_What needs to be done_
Return the lines of the data below, from the one containing "Travertine ribbed pendant" through the very last, exactly and with both ends included; no pictures.

_Supplied data_
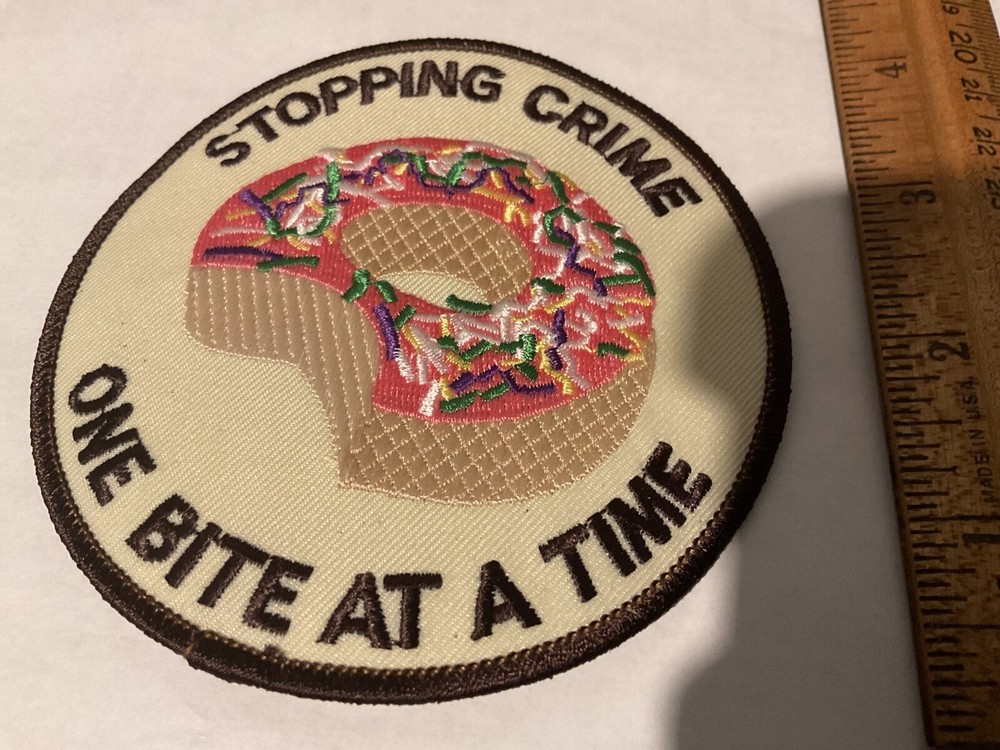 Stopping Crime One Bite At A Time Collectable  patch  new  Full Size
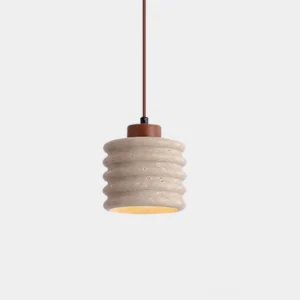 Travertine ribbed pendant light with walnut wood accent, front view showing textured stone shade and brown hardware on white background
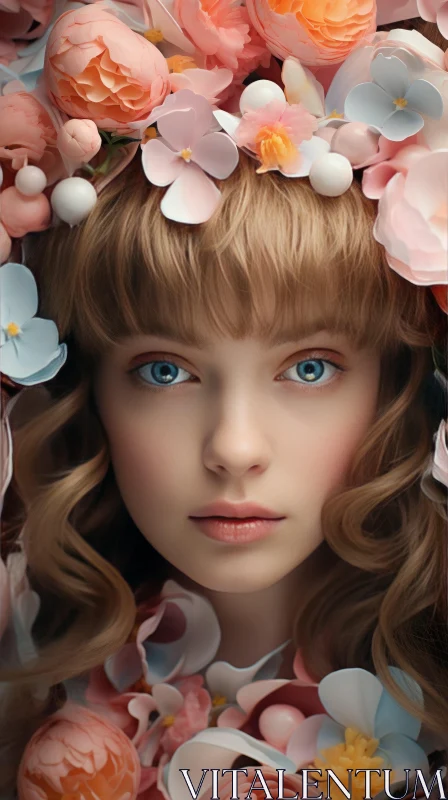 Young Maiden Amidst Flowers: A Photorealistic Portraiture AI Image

_Output for this task_
 Travertine ribbed pendant light with walnut wood accent, front view showing textured stone shade and brown hardware on white background
 Young Maiden Amidst Flowers: A Photorealistic Portraiture AI Image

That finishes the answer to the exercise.